GTD control and perspective

The Mind Is For Having Ideas, Not Holding Them may be the best half hour executive summary of David Allen’s Getting Things Done method.

Nobody has “fulfill destiny as a human being on this planet” on their to do list, but ultimately that is what it boils down to.

The requirements: Control & Perspective.


  • Capture what has your attention
  • Clarify if this needs action, if so, what done means and what doing looks like
  • Organize these commitments and decisions in a trusted system
  • Reflect on best way to engage, decide on next action
  • Engage, do it

This approach to getting things under control applies to multiple levels of perspective:


  • Purpose
  • Principles your rules of engagement
  • Goals 12-18 month horizon
  • Responsibilities 4-7 areas to maintain
  • Projects things to finish within a year
  • Actions things to do

And don’t expect to stay in control but get thrown off multiple times each day.
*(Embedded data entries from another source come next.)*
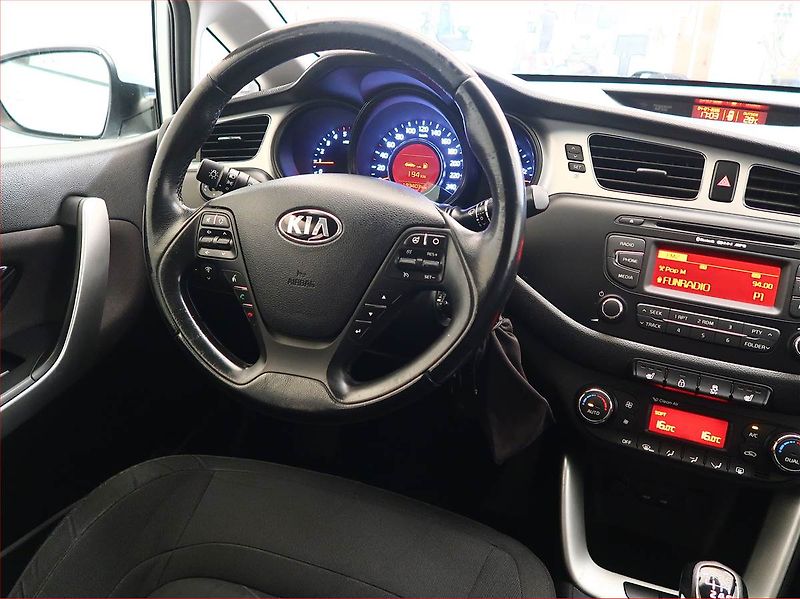 Kia Ceed (2014) Silver 1.6 CRDi, Serv.kniha - fotka 7 z 14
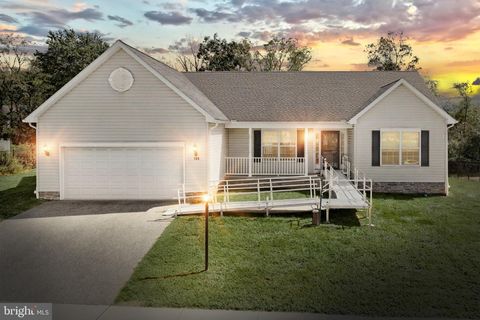 104 CLOVER RUN ABBOTTSTOWN PA 17301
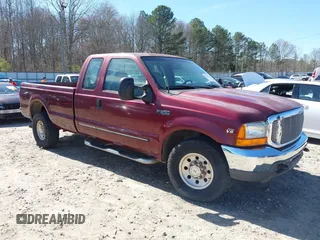 2000 Ford F-250 XL с VIN 1FTNX20L5YEC64997, выставлен на аукционе IAAI как лот 41822374 с пробегом 390 334 миль миль и . История ставок и продаж доступна на DreamBid. Изображение 1.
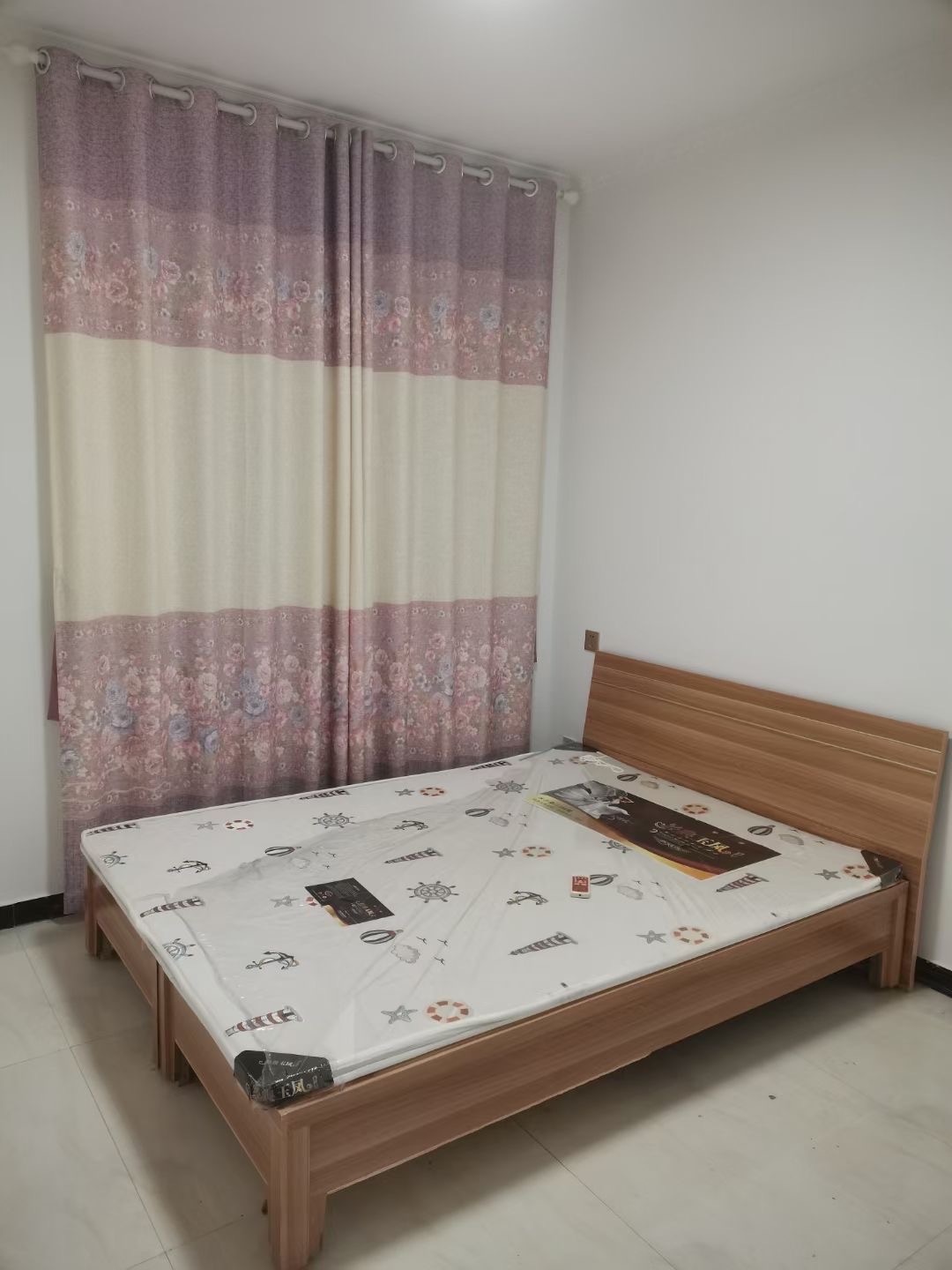 新郑北区第二社区房屋出租，85平方，两室一厅，家电齐全，领包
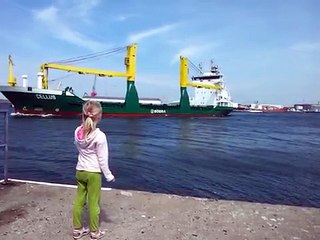 Toot, Toot! Little Girl Begs For Ship To Honk Its Horn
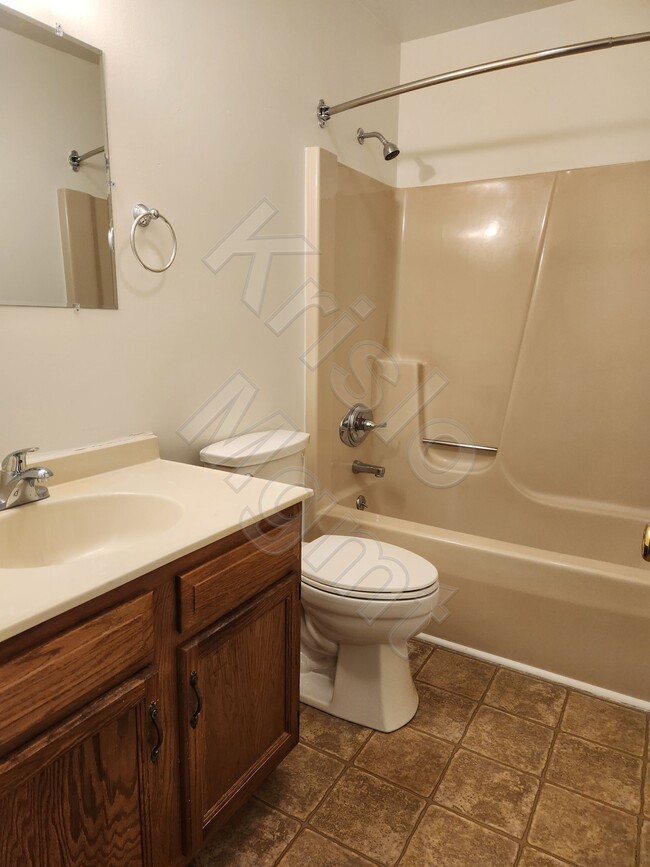 Full Bath 2nd Floor - 927 Harwood Rd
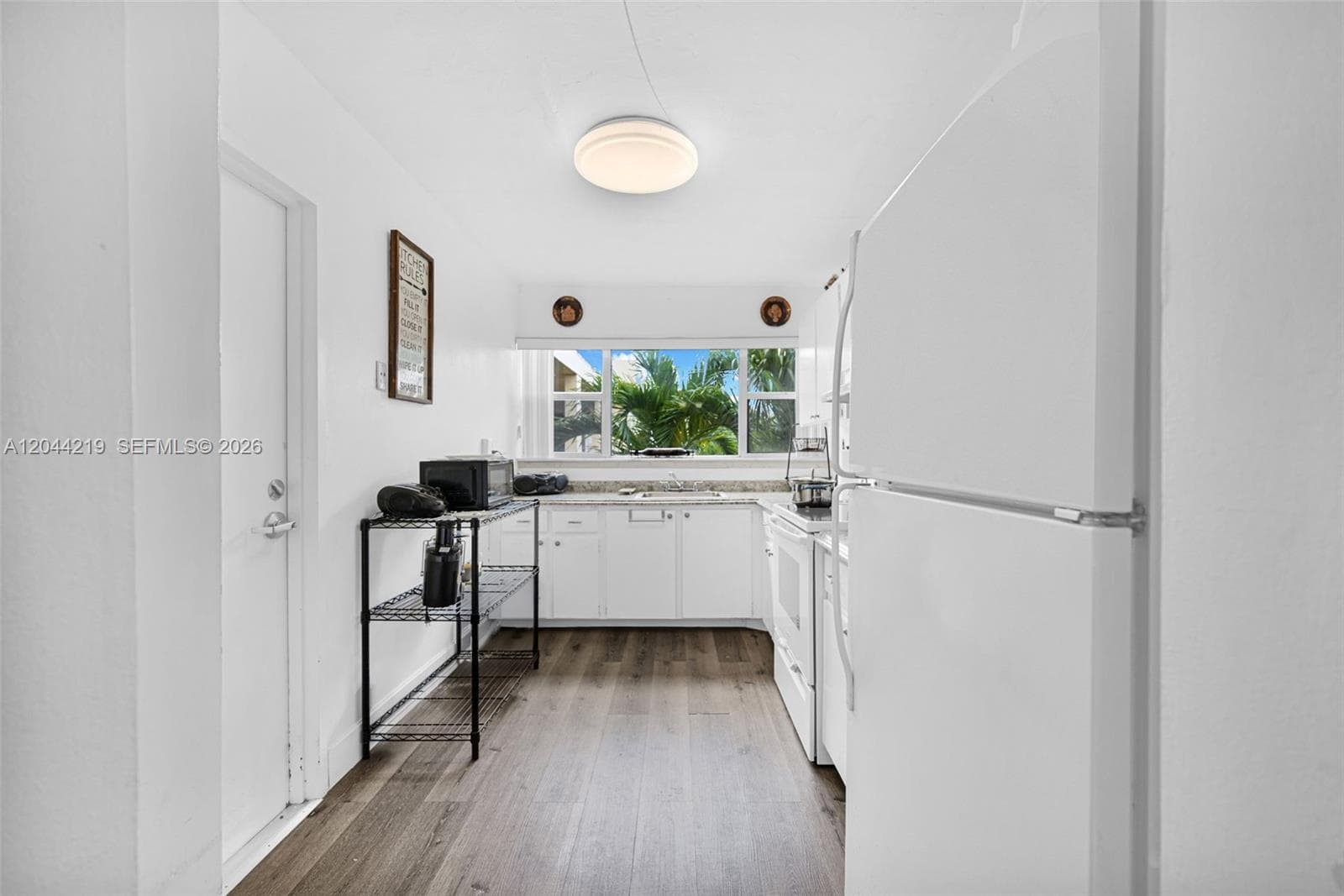 942 NE 199th St # 4E, Miami, FL 33179 — zdjęcie 5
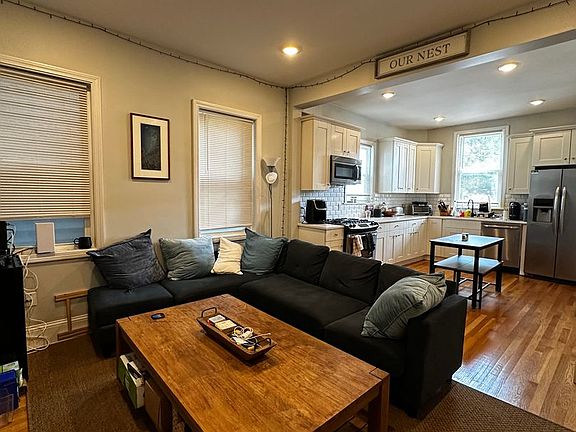 2nd image of 319-321 W 4th St #321-1
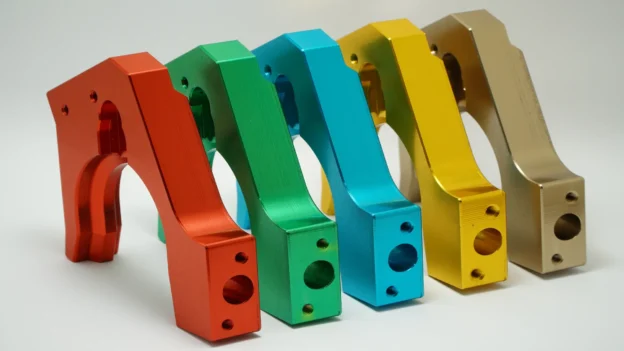 Aluminio anodizado: Propiedades, aplicaciones y ventajas industriales 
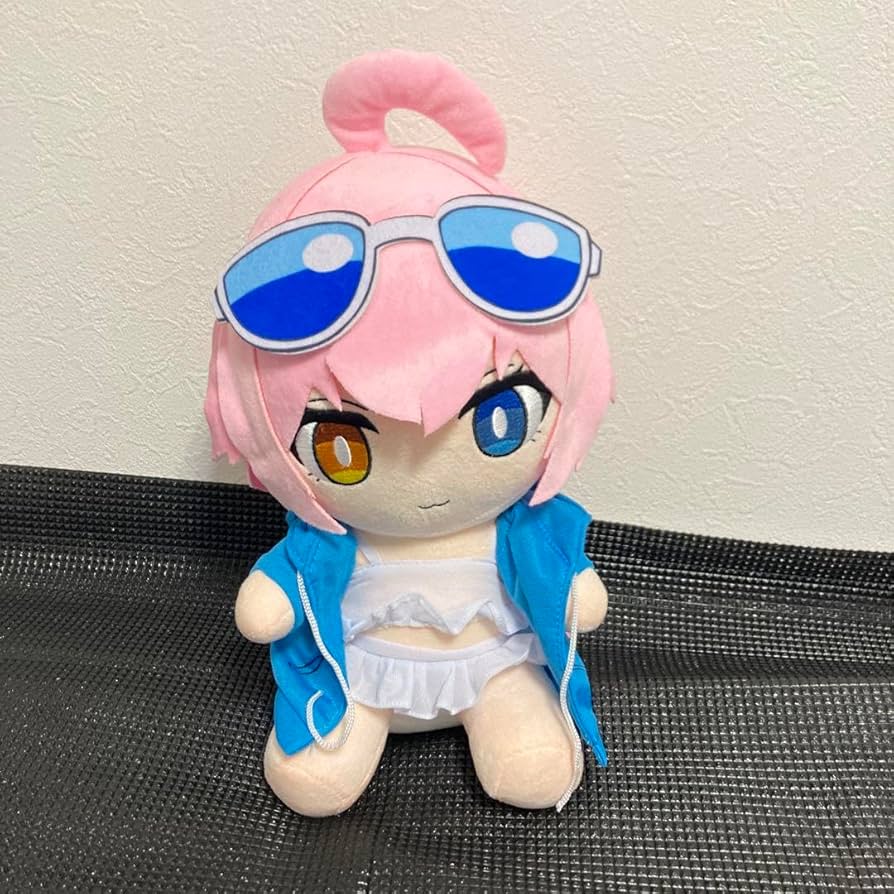 Amazon.co.jp: ブルアカ 小鳥遊ホシノ 水着 ぬいぐるみ : おもちゃ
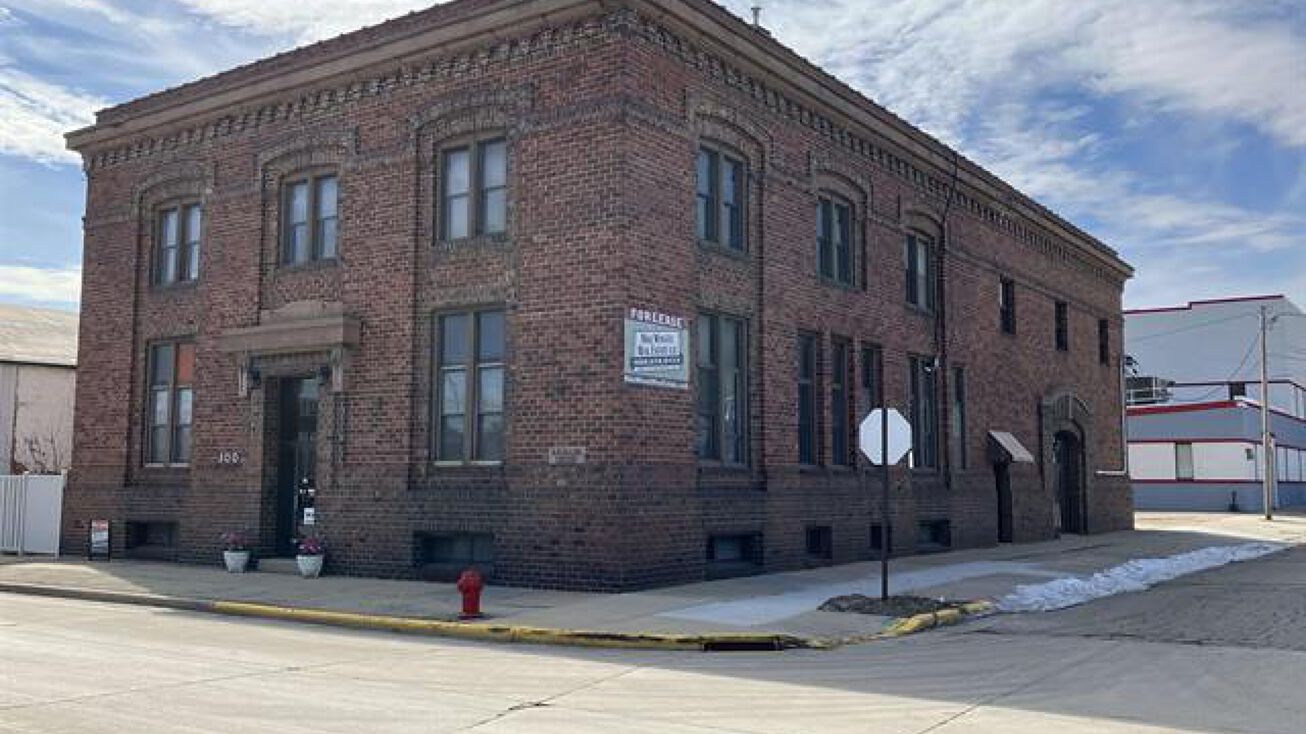 300 S Center St, Beaver Dam, WI 53916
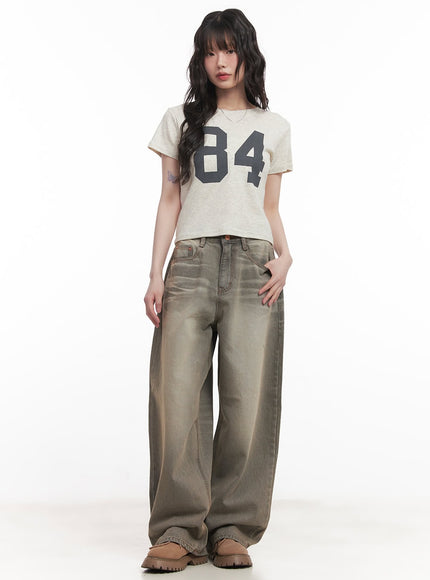 "84" Graphic Crop Tee  CM520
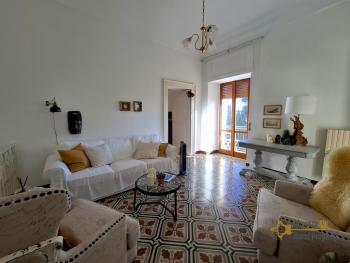 Elegant and characterful town house with vintage tiles and high barrel ceilings. Furci. Img18
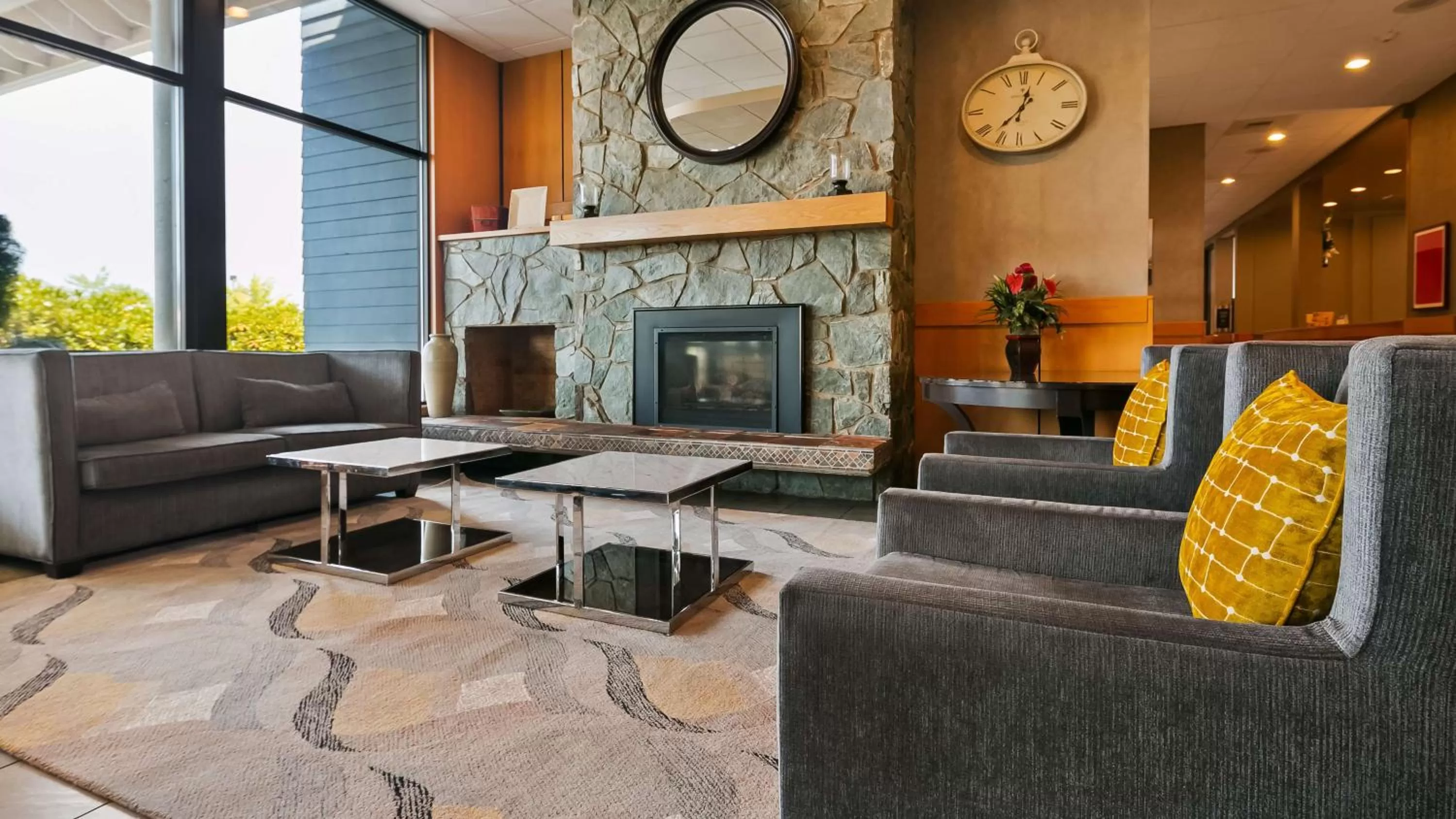 Lobby or reception in Best Western Plus Silverdale Beach Hotel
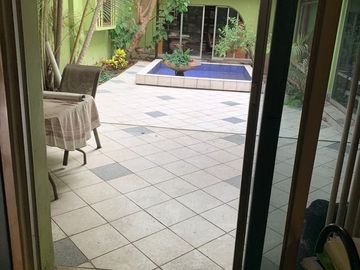 VENTA DE CASA COMO TERRENO, VENTA FINANCIADA, 390 M2, 4 PISOS + AZOTEA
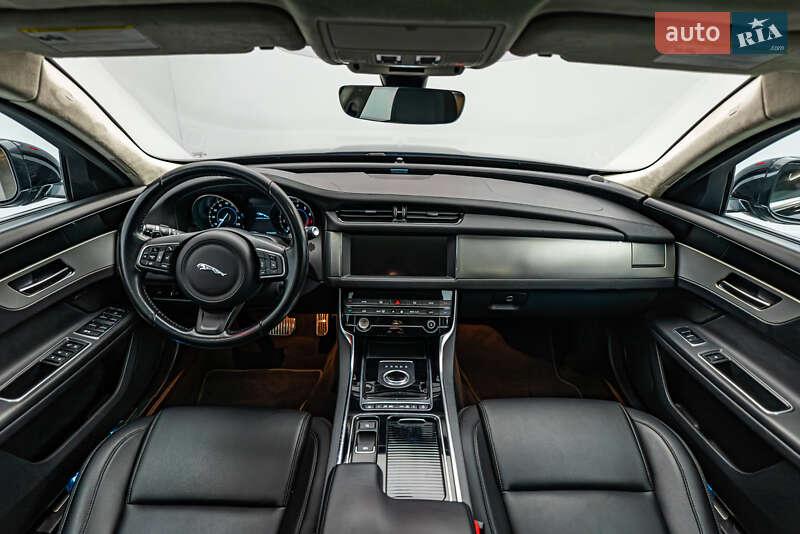 Седан Jaguar XF 2019 в Києві фото 10 Седан Jaguar XF 2019 в Києві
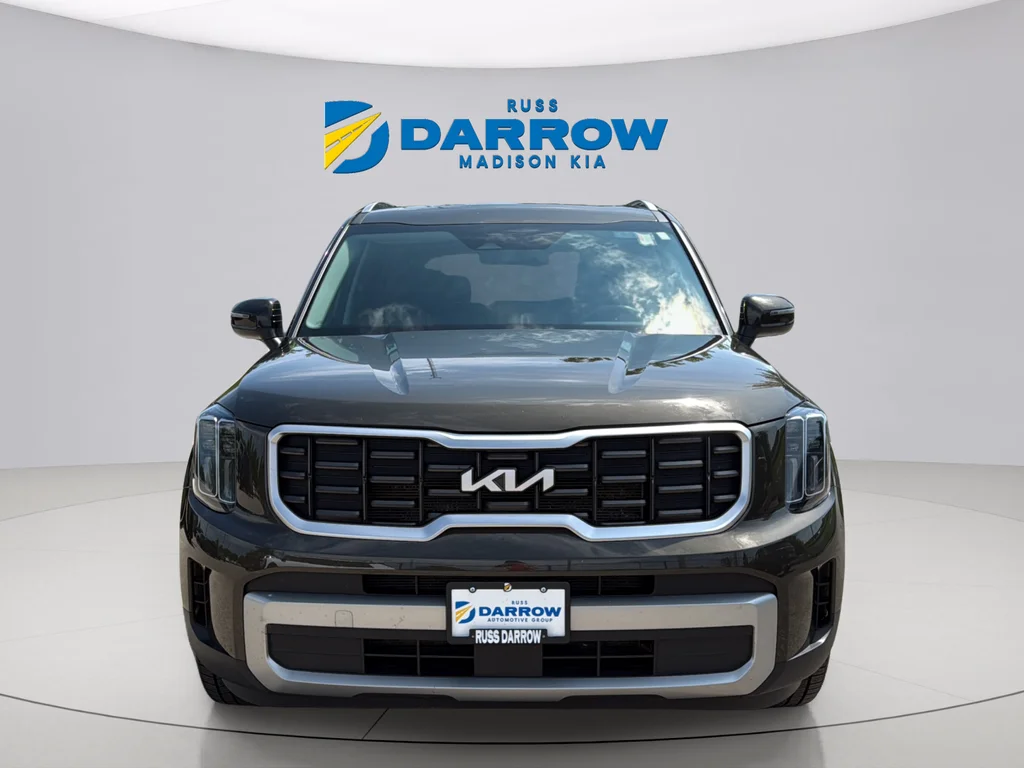 Certified Used 2023 Dark Moss Kia S image 8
Notice it happening and regroup.

Good practice

  • Pay attention to what has your attention
  • Decide on desired outcomes and the actions required
  • Free your psyche with a trusted system
  • Teach what you need to learn the most
  • Share these ideas

Using GTD does tend to generate its own kind of busywork. Still, I find it true that the clarity that comes from this control and perspective is needed for finding the right way in and through the mess of work, art, life.